Montreal, September 24, 2008 – To reduce the number of young people dropping out of school without the training they need to enter the job market, students who are not seeking a college diploma could be encouraged to turn earlier to vocational training at the high school level by creating a high school third-year diploma, says an Economic Note published by the Montreal Economic Institute.

After earning this diploma, students headed for university would complete three years of pre-university education at high school rather than at CEGEP, and they would then undertake a four-year bachelor’s program at university. CEGEPs would compete to provide vocational and technical training programs of variable length.
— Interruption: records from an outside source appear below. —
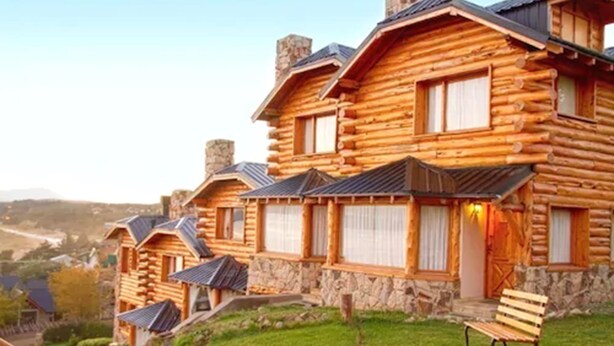 Una hilera de cabañas de madera con cimientos de piedra, contraventanas de madera y un césped.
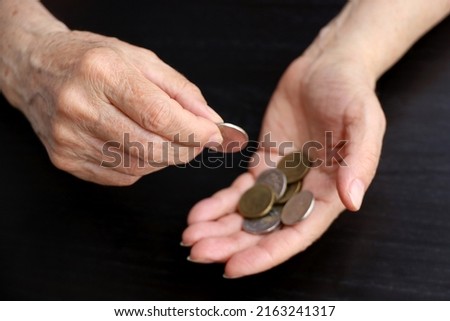 Defocused view to elderly woman counts metal coins, wrinkled female hands close up. Concept of poverty, pension payments, retiree with money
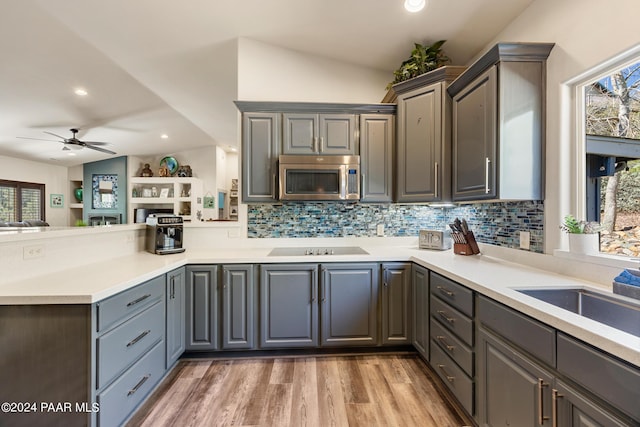 kitchen featuring gray cabinetry, ceiling fan, tasteful backsplash, wood-type flooring, and vaulted ceiling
Marcel Boyer, the Note’s author and the Institute’s vice president and chief economist, says that “by resolving student streaming problems that cause lost time for young Quebecers and wasted money for taxpayers, it will be possible to bring graduation rates in the professional and technical streams closer to employers’ expectations and nearer the average in developed countries.”

Job market needs are forcing a debate

Because most politicians and journalists have attended university, there is often a tendency in public debates to forget the importance of professional training. With the population aging and many workers expecting to retire soon, numerous positions will have to be filled in the next few years in specialized trades and techniques. There are limits to the chances of making up for these shortages by sending adults back to the classroom.
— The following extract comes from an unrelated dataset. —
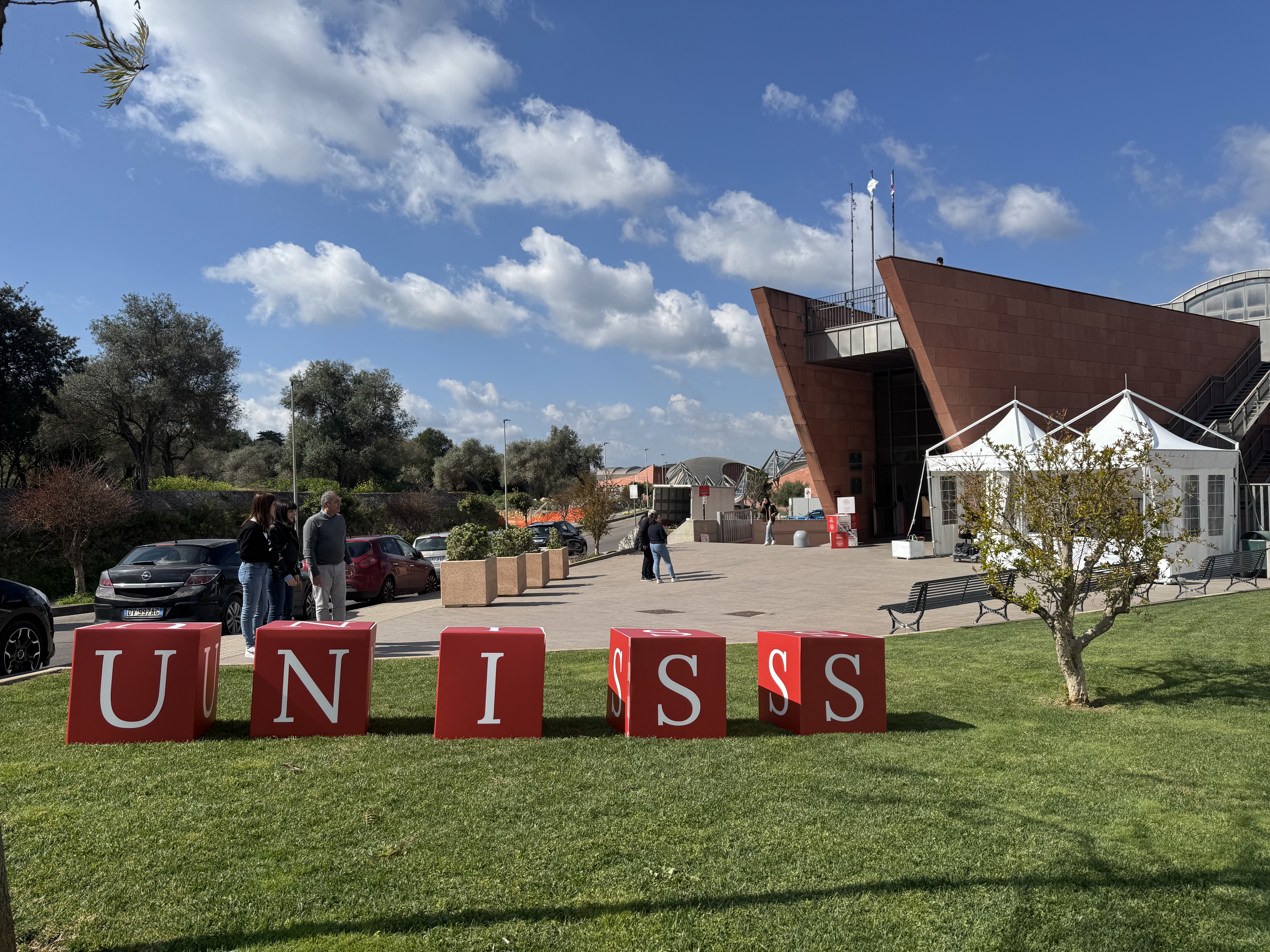 Spazio esterno del campus UNISS con installazione delle lettere dell’ateneo sul prato e area eventi all’aperto durante l’orientamento
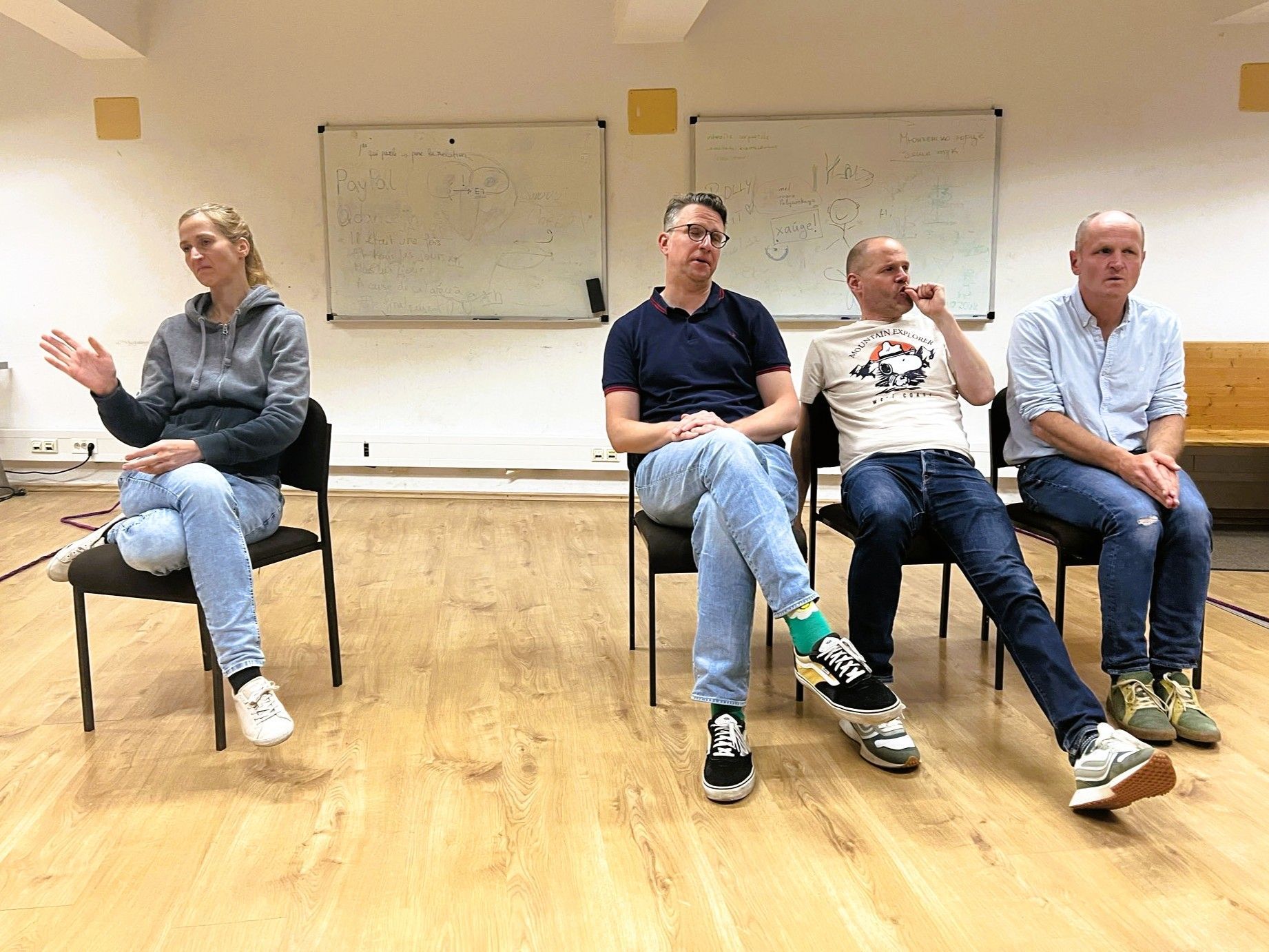 Menschen bei einer Präsentation in einer Kunstgalerie mit einer Projektionsleinwand und Fotografien an der Wand.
Facilitating professional studies at the high school level

At age 15, young Quebecers are among the best equipped in the world to do well in the next phase of their educational journey, according to the OECD. Establishing a high school third-year diploma would open up the perspective of moving on to training programs of variable length, and it would then become possible to make shorter vocational training programs better known and more attractive. Earning this initial diploma would send a dual signal to students: first, that they have successfully completed their basic learning, and second, that the time has come to choose their path to the job market, without this choice being irrevocable or irreversible.
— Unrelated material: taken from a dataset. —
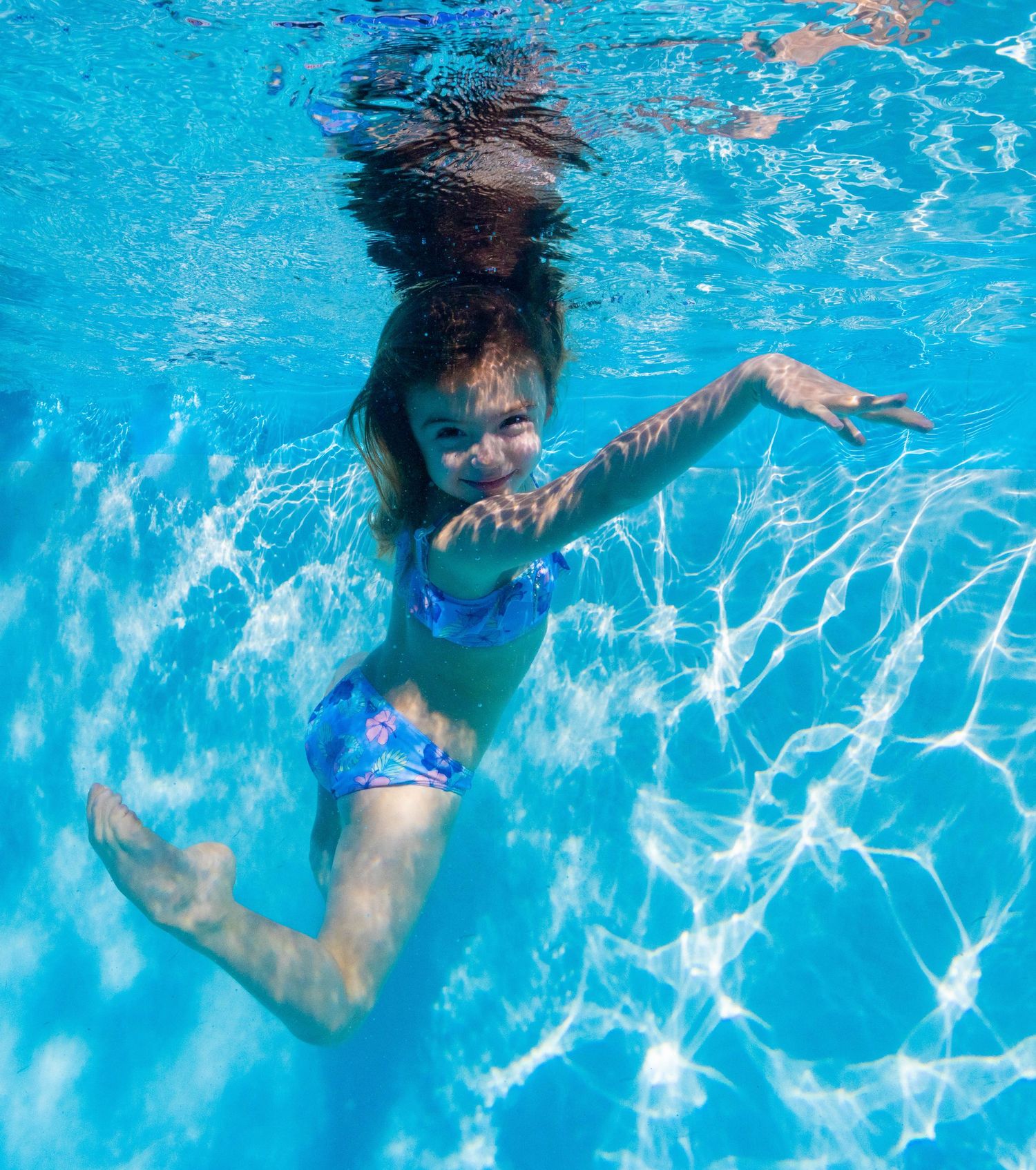 Little girl swimming underwater photo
The structure of Quebec’s education system is among the factors that favour general education to the detriment of vocational training. The latter is only half as popular in Quebec as the average in OECD countries. At present, only a meagre 2% head straight for professional training after the third year of high school. According to the Department of Education, enrolment in professional training fell sharply here in the 1980s because of a requirement for more advanced general education. General high school diplomas are often misconceived as a prerequisite for professional training, and this mistaken orientation increases the risks of students dropping out. One-fifth of 19-year-olds in Quebec are school dropouts.

Linking up better with university

It would make sense for students who are headed for university to be able to complete three years of pre-university education at high school rather than at CEGEP following the high school third-year diploma and for them to undertake a four-year bachelor’s program at university afterwards. This structure would follow a model applied successfully in most other provinces and developed countries.

CEGEPs would lose their pre-university student base to high schools but would provide high-school-level vocational programs and thus specialize in professional and technical training against a backdrop of stronger competition between establishments. High schools would give up vocational training to make room for an extra year of general education intended for youths who wish to continue on to university. Four-year bachelor’s programs would lead to lower failure and reorientation rates at the university level, with the first year devoted to more general courses to enable students to familiarize themselves with the university environment and to pick more precisely the area of training that suits them.

The Economic Note, titled Vocational training: in search of lost time, was prepared by Marcel Boyer, vice president and chief economist of the Montreal Economic Institute, Bell Canada professor of industrial economics at the University of Montreal, and a CIRANO fellow.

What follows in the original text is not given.